とりあえずフシギダネがその轟音に苛立って見張り役を中断して止めようとはしないことを祈ろう…。

 

 

『ポッポーゥ!!』

『ミュゥ…!』

 

「あ、リザードにピチュー!そっちにミュウが行ったよ!テレポートされる可能性もあるから気をつけて!!」

 

『ガゥウ!!』

『ピィッチュ!!』

 

『ミューゥ…?』

 

 

トキワの森にいる目つきの鋭いポッポが木の上にいる私に向かって何かを叫びながら飛んでやって来たためにそちらを向く。ポッポが示したのはピンク色の身体をした…この森では目立つミュウがご機嫌そうに宙に浮きながらやってきている姿だった。そのため私は地面にいるピチューとリザードに向かって叫んだ。その声に気づいたミュウはご機嫌そうにふわふわと浮いたまま踊っているかのようにリザードとピチューに笑顔を見せる。その表情はまるで捕まえてごらん?と言っているかのようだと思えた。

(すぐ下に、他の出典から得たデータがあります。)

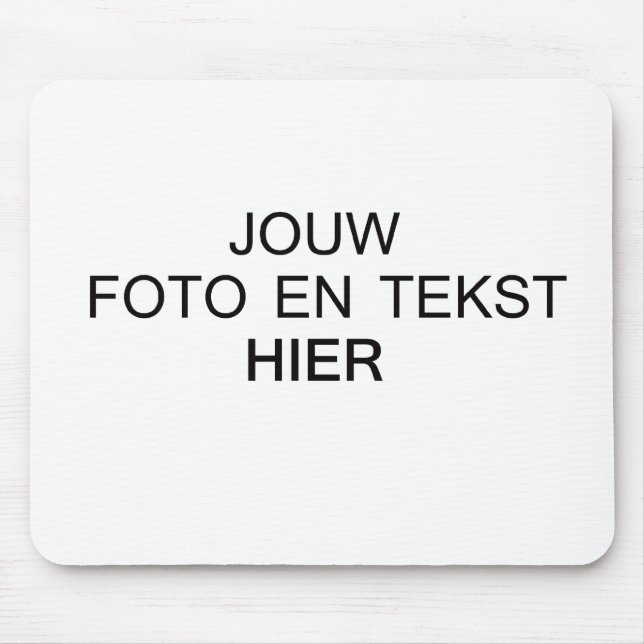 Make it yourself mouse pad (Front)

リザードは森で炎を放つことができないために物理技のきりさく等しかできない。そのためリザードはえんまくを放ち、ミュウの視界を真っ暗にする。ミュウはそのえんまくに驚いたような…わぁ真っ暗だ!とでも言うかのような楽しそうな声を出していた。そしてそのえんまくにピチューが電気を放ちながらつっこみ、ミュウにタッチしようと動く。でもえんまくがなくなったときに見えたのはミュウがピチューから離れた場所で笑っている様子だった。その様子を木の上から私とポッポはお互いに顔を見合わせて、私達が動くしかないと分かった。

 

 

「……ポッポ、一瞬でもいいからミュウに隙を作ってもらえる?」

『ポッポー!!!』

 

「うんありがとう!…よしミュウが逃げる前にやろうか!」

『ポッポーゥ!』

 

 

ミュウに隙を作れるのかどうかポッポに直接問いかける形で聞いて見たら、ポッポは大丈夫だと胸を張って自信満々に答えてくれた。その声に笑顔で頷き、私たちはこっそりと移動を開始した。

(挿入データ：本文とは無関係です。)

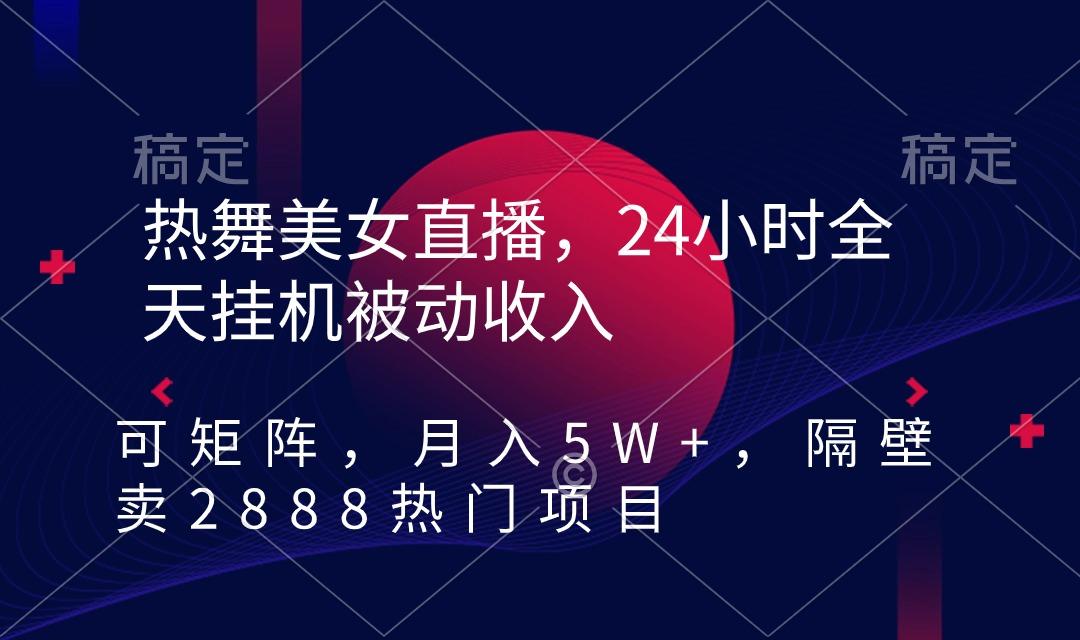 热舞美女直播，24小时全天挂机被动收入，可矩阵 月入5W+隔壁卖2888热门项目-云创网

木の下ではミュウが宙に飛びながら逃げずにただ遊んでいるかのようにリザードとピチューを相手にしていたのでまだ本気で逃げるわけではないだろうと分かった。本気で逃げられたら捕まえるのは困難だと分かっている…そのため、もしかしたらミュウにはばれているかもしれないが…そうではありませんようにと心から願いながらも木から降りていき、ミュウの死角となる場所からポッポに合図を送った。

 

 

『ポッポーゥ!!!!』

『ミュゥ!?』

 

「よし今よリザードにピチュー!覚えてないけどそのままたいあたり!!」

『ガゥゥウ!!』

『ピチュゥウ!!』

 

 

『ミューゥ!!』

 

 

ポッポがミュウの後ろから特攻する形でやって来たためにミュウが驚いたような表情を浮かべて後ろを振り返る。それを見て今がチャンスだと私は叫びながらミュウに向かって走り出した。

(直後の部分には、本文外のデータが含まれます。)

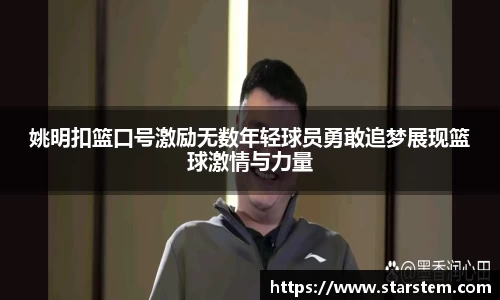 姚明扣篮口号激励无数年轻球员勇敢追梦展现篮球激情与力量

もちろんリザードやピチューも……たいあたりという技は覚えていないけれども、私と同じように突撃してきたのだった。それを見ていたミュウはテレポートをせずにただ笑っていて、私達が抱きついた瞬間に捕まっちゃったね!!という感じで楽しそうに叫んでいたように聞こえてしまった。とりあえず伝説が一体捕まったことに私たちは喜び、一緒に陣地へ行こうとミュウが誘うために行くことになった。

 

 

 

・・・・・・・・・・・・・・・・・・

 

 

 

「うわぁ何これ……」

『ガゥゥ……』

『ピチュゥ……』

『ポッポーゥ……』

『ミュゥ!』

 

 

『ダネダネ!!』

 

 

警察側の陣地では死屍累累のような状況がフシギダネの周りに広がっていて私たちは遠い目をしてそれを見ていた。フシギダネの周りには何やら大きな技がぶつかったような焼け跡や凍った後…そしてはかいこうせんでも放たれたかのような抉られた地面に倒れまくっているポケモン達と凄まじい光景になっていたのだ。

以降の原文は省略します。